Over the weekend I was desperately sad to read (via twitter) that my hometown paper, The Chronicle and Echo, is set to switch  from a daily to a weekly title.


It’s not the only paper to make the announcement this last week either, with job losses and protests over the last few months at titles as significant as Scarborough Evening News and the Halifax Courier.


Regional news is vitally important. Surveys consistently demonstrate that readers trust local media more than any other media, and these titles are vital in keeping communities informed and united. There’s an emotional investment on behalf of the community too. A regional title is like a landmark and while I haven’t read the paper for years, living over 100 miles away, the masthead and the paper’s unmissable presence in the town centre are strong emotional hooks linking me with my childhood and friends and family still living there.

So what’s the answer? Regional titles are important but clearly not enough people are buying copies of them, but why would they when the Chronicle and Echo gives away its content for free?

Paying for content

For me this problem ties in closely with a previous post I wrote last week that argued in favour of trading data for online services; be prepared to pay, in some way, to get content. The new focus for my hometown paper seems to be a switch to digital output with an iPad app but where does this leave the older demographic that have faithfully bought the paper for decades?

A paywall perhaps that generates enough funding to maintain the daily paper? A paywall means the paper loses traffic and therefore revenue from online ads and citizen journalism is enjoying a renaissance.

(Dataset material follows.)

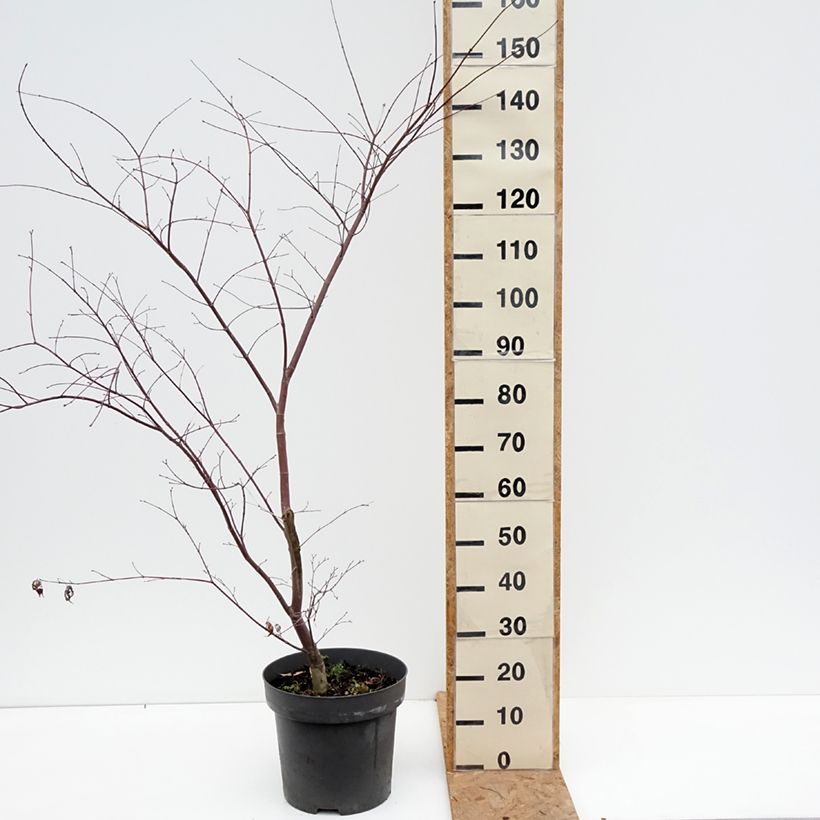 Exemplaar van Acer palmatum Sumi-nagashi - Japanse esdoorn Pot van 7,5 l/10 l, Struik zoals geleverd in de herfst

Increase the cover price? No doubt the publisher, Johnston Press, has considered this and couldn’t justify it.

Trouble ahead

Regional press is continuing to go through a tough time and with job losses continuing unabated my biggest fear is for the community; syndicated news sites and the nationals don’t care about one of the country’s ugliest buildings getting a renovation but I guarantee every single Northampton resident (cobblers) cares passionately about the future of Greyfriars bus station. But with the status quo as it it is, how much longer will the community be able to find out about it?